Money manager Joan Lappin, who is the head of Gramercy Capital Management, won’t be running Sunday in New York City’s Marathon, but her 19-year-old investment firm is making a credible run in this year’s sloppy market by outdistancing the major averages.


Taking note of the market’s renewed strength in recent sessions – “Samson’s got his hair back,” she says – Ms. Lappin figures stock prices are headed up despite such investor concerns as rising interest rates, the prospect of permanently high energy prices, renewed inflation worries, deterioration in the credibility of the White House, and a burgeoning army of worried consumers, as exemplified by recent reports that show plummeting consumer confidence.


Ms. Lappin might well be dubbed Lady Sunshine, based on a market outlook calling for double-digit gains in the major averages over the next 12 months, in some instances of more than 15%.


The market’s mediocre performance this year, however, coupled with a generally sloppy October showing, has turned off a lot of investors from stocks, and even some bulls are beginning to pull in their horns. For instance, Standard & Poor’s, which had been predicting a strong 2005 market, now sees a gain of less than 1% and is urging investors to trim their domestic equities exposure and increase their overseas holdings. As S&P sees it, “Few [American] investors will be delirious with excitement over the next 14 months.”


However, our Lady Sunshine thinks investors should be stocking up on stocks. Why? For starters, she notes, despite a bevy of bad news – such as ballooning interest rates, a whiff of scandal in the White House, the surge in oil prices, hurricanes, an out-of-control budget deficit, and ongoing concern about the dollar – the market has refused to crater. Likewise, she feels “there are a lot of things converging to make this [stock market’s] bargain basement opportunity head higher.” Chief among them, she says:


1. A lot of liquidity, notably $5 trillion worth, is sitting in money-market funds.
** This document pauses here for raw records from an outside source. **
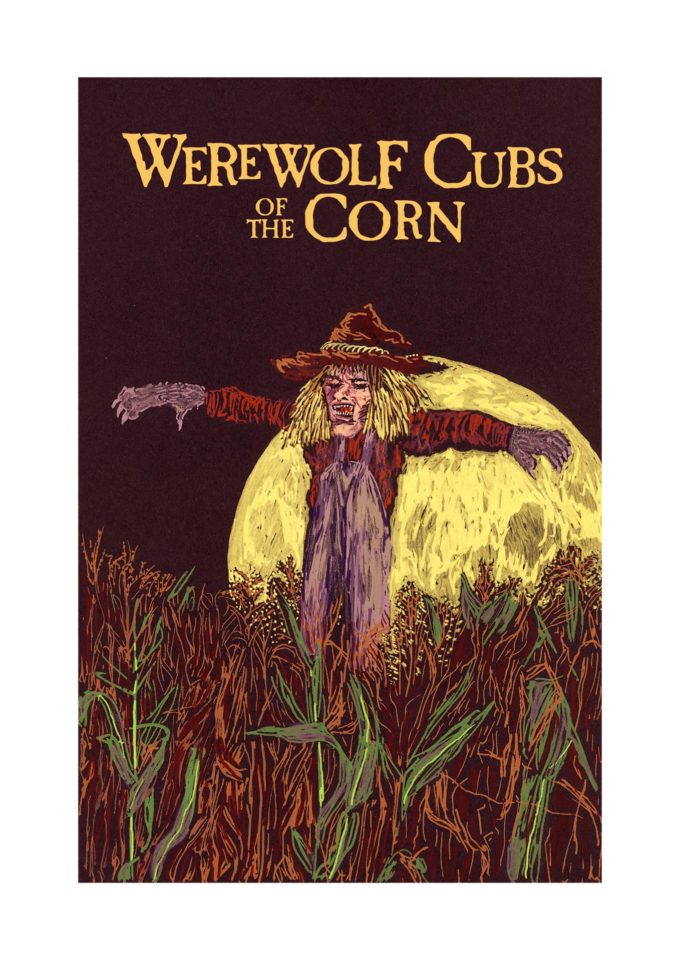 drawlloween 2022 - scarewolf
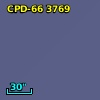 CPD-66  3769
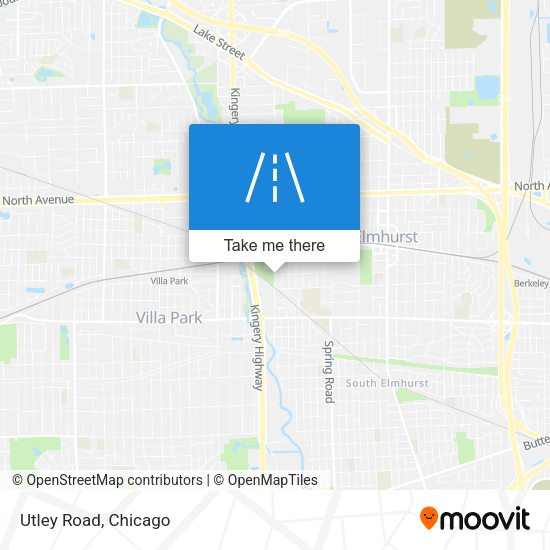 Mapa de Utley Road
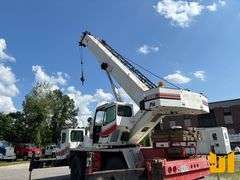 2001 LINK-BELT ATC822 ALL TERRAIN CRANE SN: 71J1-5763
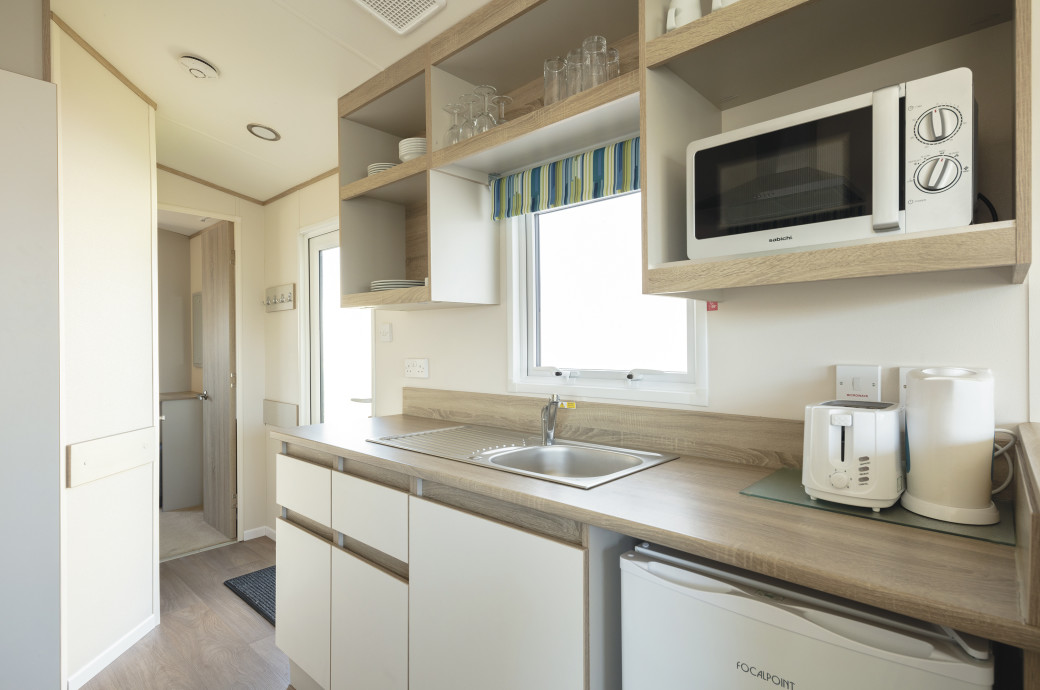Saver Caravan Kitchen
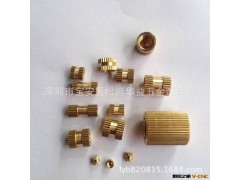深圳嵌件铜螺母.注塑铜螺母.滚花螺母.螺母订做加工图2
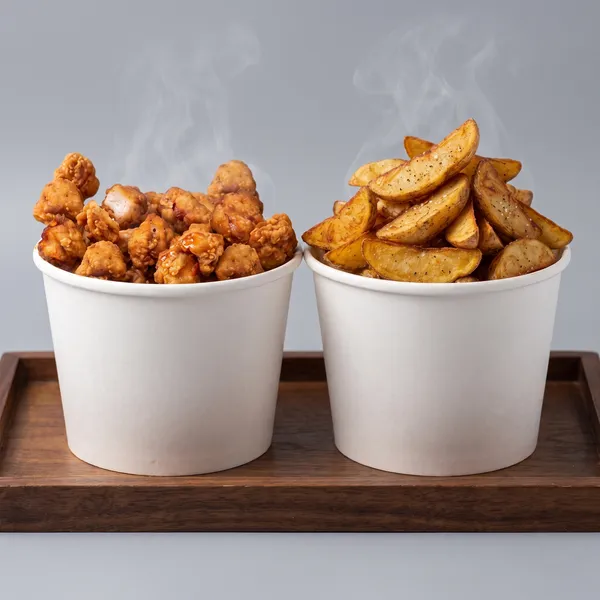 2 in 1 Bucket Marinated Chicken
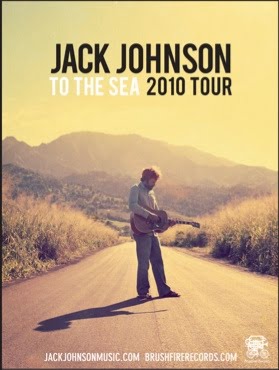 Jack Johnson To The Sea Tour August 22nd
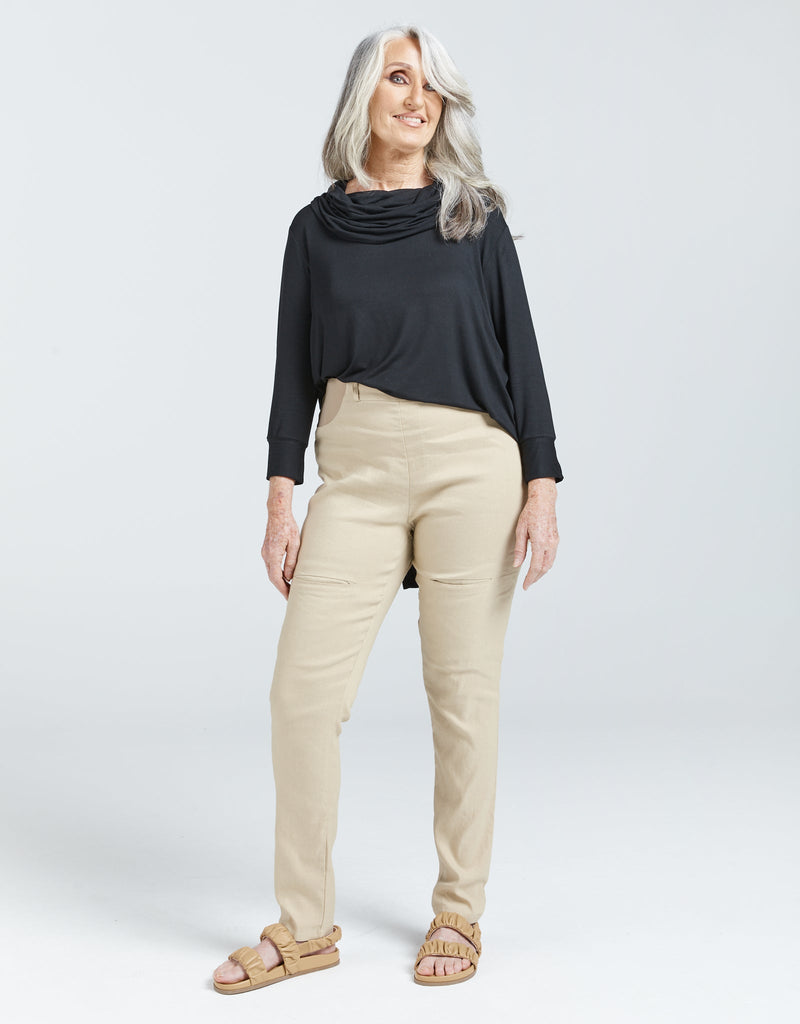 Seated Stretch Pant - Christina Stephens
2. The advent of fiscal responsibility is just around the corner. As bad as the president’s ratings are, Congress’s ratings are even worse, Ms. Lappin says. As such, she believes Congress will move shortly to lessen the deficit, in turn revitalizing the dollar and spurring increased overseas investments in American stocks.
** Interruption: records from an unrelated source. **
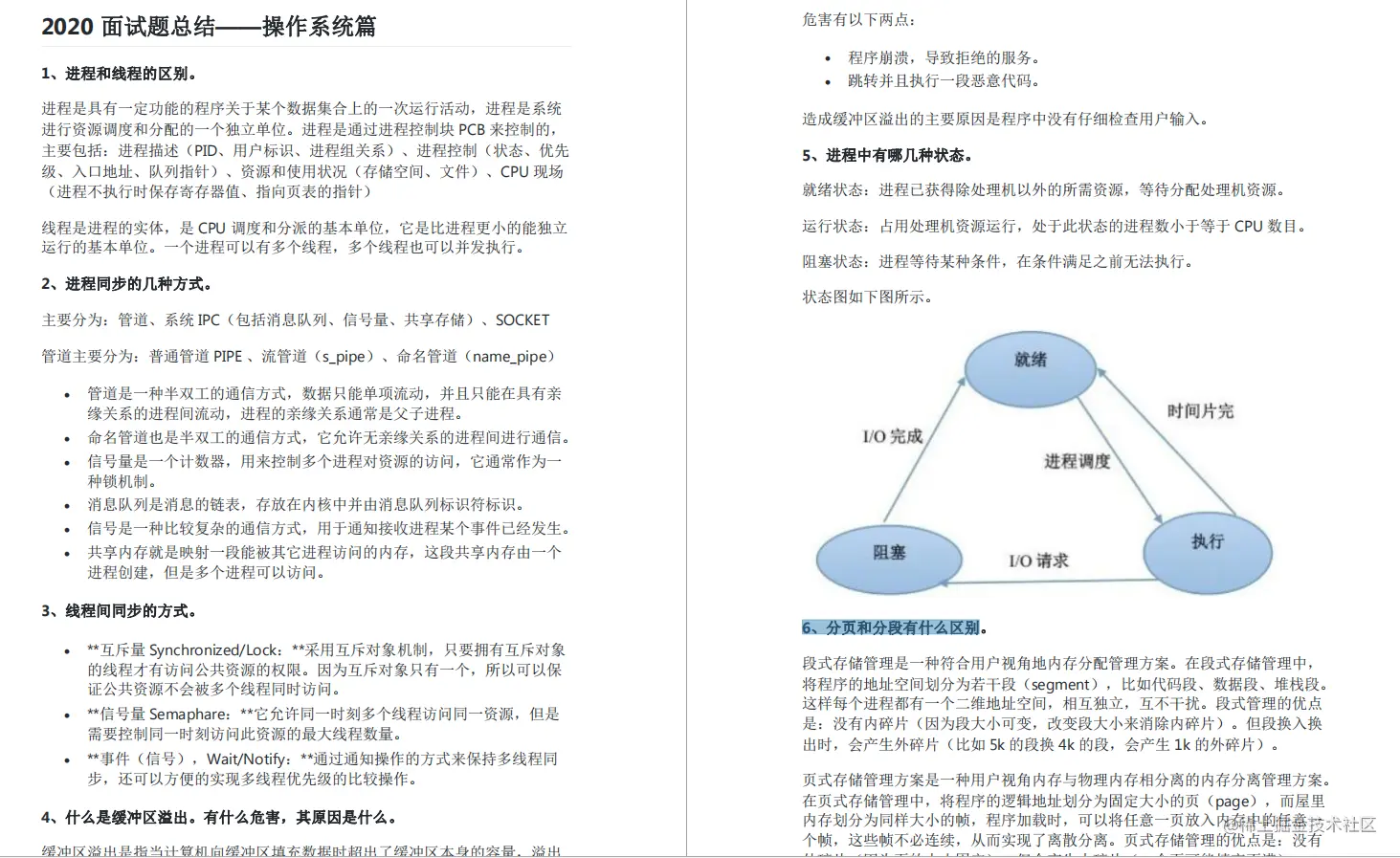 精选2020年大厂高频Java面试真题集锦（含答案），面试一路开挂
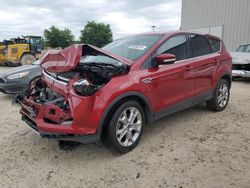 Salvage vehicles for parts for sale at auction: 2013 Ford Escape SEL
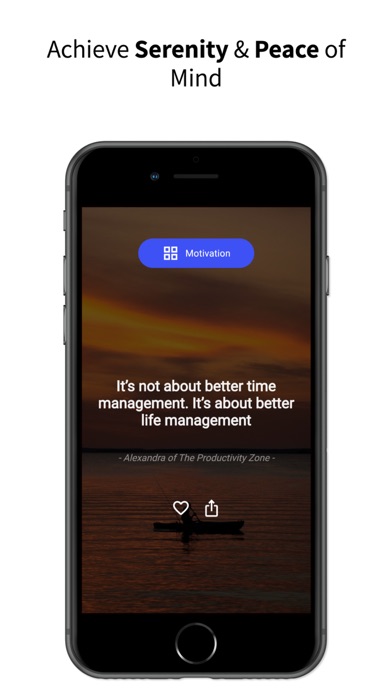 Mind Fuel - Daily Quotes App Screenshot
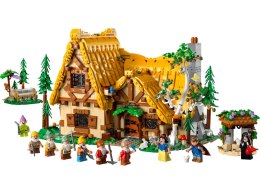 LEGO 43242 Disney Chatka Królewny Śnieżki i siedmi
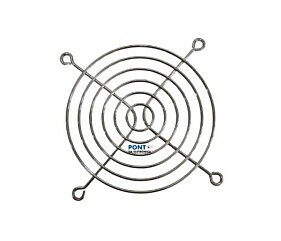 Tela Metálica Para Cooler 80Mm x 80Mm Cromado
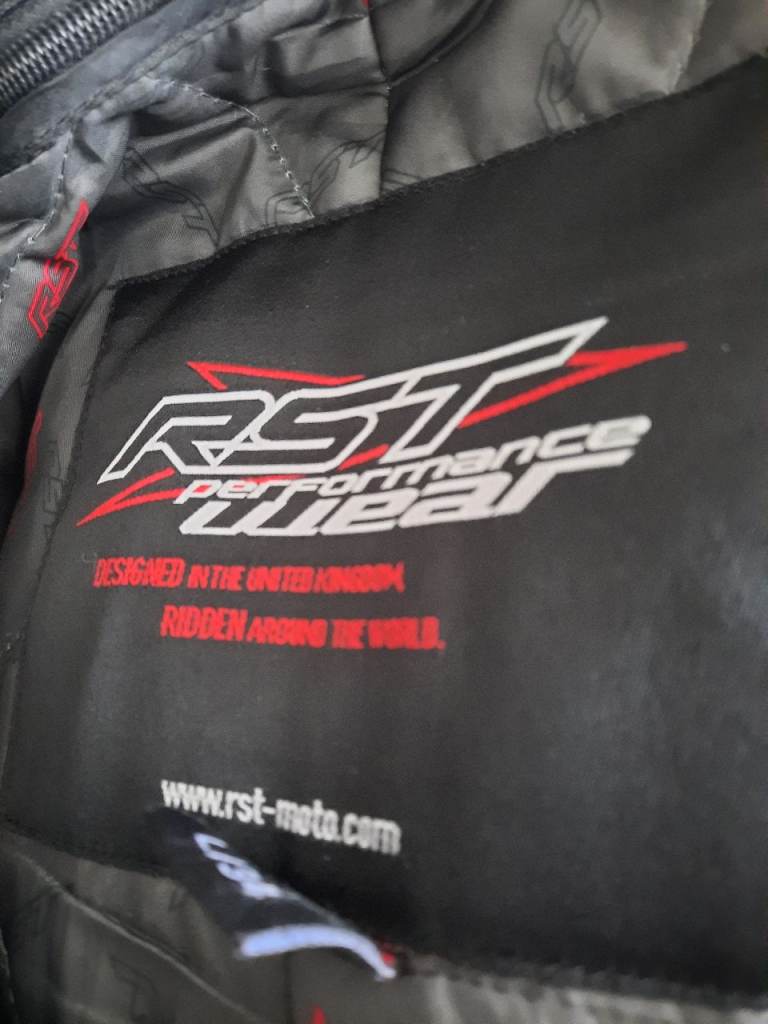RST Motorbike BodyArmour 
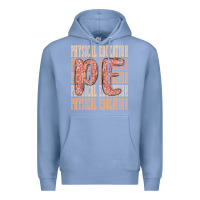 Colony Blue physical education Premium Hoodie - MaliasSmallBusiness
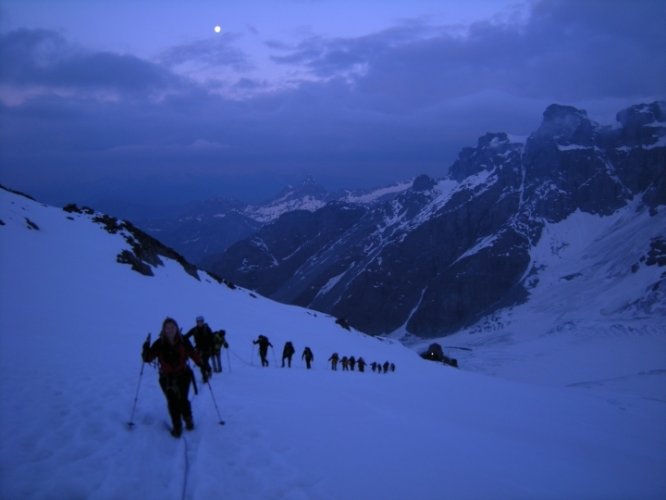 Traversée des 4000 du Mont-Rose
3. The newly nominated Fed chairman, Ben Bernanke, is in the Alan Greenspan mold, which should encourage the market.


4. Interest rate increases are in the eighth or ninth inning. Ms. Lappin recalls that the stock market took off big time in 1994 when the Fed stopped raising rates.


5. Real estate, given its big price runup, has just about run its course as an alternative investment to stocks.


6. The economy – Hurricane Katrina, notwithstanding – is still climbing, but instead of a 3% to 4% pace, maybe at 2% to 3%.


7. Oil prices were inflated by hedge fund managers and commodity traders who speculated in oil futures, but they’re likely to be less bullish, given falling prices and increased inventories, which could drive crude even lower.


8. Price/earnings multiples are at record 10-year lows, with rising rates leading to p/e compression. But when rates stop going up, Ms. Lappin notes, p/e multiples will expand.


9. Corporate America is healthier than it has been in years. Taking advantage of the low interest rates, most corporations have bought in or called their high interest rate debt and rolled it over at much lower rates.


What about the sharply rising competition from foreign securities? Ms. Lappin’s view: Buyer beware! Noting that mutual fund companies are all promoting investing abroad, she points out the last time they suckered people into doing that was 1996, just in time for the Russian bond default and the Asian collapse of 1997 and 1998.


So far this year, Gramercy is outpacing the generally flat market averages with a gain of about 3.5%.Three of her favorite stocks for the next 12 months – each of which she views as a potential 50% gainer in this period – are McMoran Exploration ($17.48), Sirius Satellite Radio ($6.98), and MEMC Electronic Materials ($20.16). Two additional stocks she favors – Motorola ($23.14) and Tidewater ($47.93) – are thought to be likely 30% gainers over the next year. All five, she contends, not only have strong fundamentals, but they’re selling at “value prices.”